New Jersey School District Enjoys Success with On-Site Medical Clinic

From: Brian Klepper [mailto:bklepper@gmail.com]
Sent: Monday, May 17, 2010 2:56 PM
To: Brian Klepper
Subject: WeCare’s Tom’s River, NJ Clinic: First 3 Months’ Performance

 On Friday, I reviewed initial (i.e., first three months) claims data from Integrity Health’s and WeCare’s Partnership Health Care for the School District in Tom’s River, NJ. Here are some general observations.

 I compared total paid claims for November-Jan 2008-09 and 2009-10. I excluded claims greater than $10,000, because it is unlikely that the clinic had any impact on these shock losses, especially during its first three months of operations. Nor does this part of the analysis consider drug costs. I am still working on those.

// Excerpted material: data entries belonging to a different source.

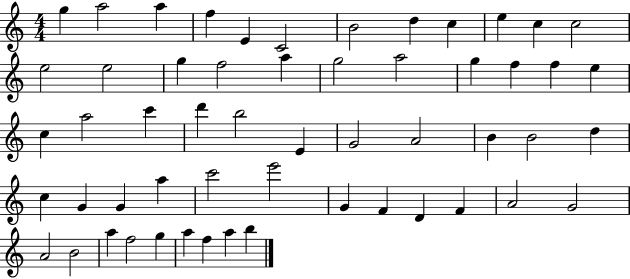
{
  \clef treble
  \numericTimeSignature
  \time 4/4
  \key c \major
  g''4 a''2 a''4 | f''4 e'4 c'2 | b'2 d''4 c''4 | e''4 c''4 c''2 | \break e''2 e''2 | g''4 f''2 a''4 | g''2 a''2 | g''4 f''4 f''4 e''4 | \break c''4 a''2 c'''4 | d'''4 b''2 e'4 | g'2 a'2 | b'4 b'2 d''4 | \break c''4 g'4 g'4 a''4 | c'''2 e'''2 | g'4 f'4 d'4 f'4 | a'2 g'2 | \break a'2 b'2 | a''4 f''2 g''4 | a''4 f''4 a''4 b''4 | \bar "|."
} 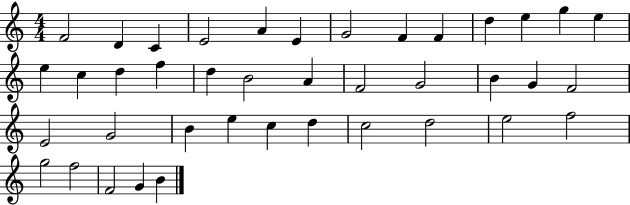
F4/h D4/q C4/q E4/h A4/q E4/q G4/h F4/q F4/q D5/q E5/q G5/q E5/q E5/q C5/q D5/q F5/q D5/q B4/h A4/q F4/h G4/h B4/q G4/q F4/h E4/h G4/h B4/q E5/q C5/q D5/q C5/h D5/h E5/h F5/h G5/h F5/h F4/h G4/q B4/q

 In November-January 2008-09, total claims <$10,000 for an average of 2,195 employees (or 5,648 covered lives) equaled $5.116 million, or $2,330.60 per employee ($9,322.38 per employee per year (PEPY)). Factor in a 6% health care inflation rate for 2009 (per the KFF/HRET Survey of Employer Health Benefits, 9/2009), and we would expect the present value of the 2008-09 PEPY cost to rise to $9,881.72.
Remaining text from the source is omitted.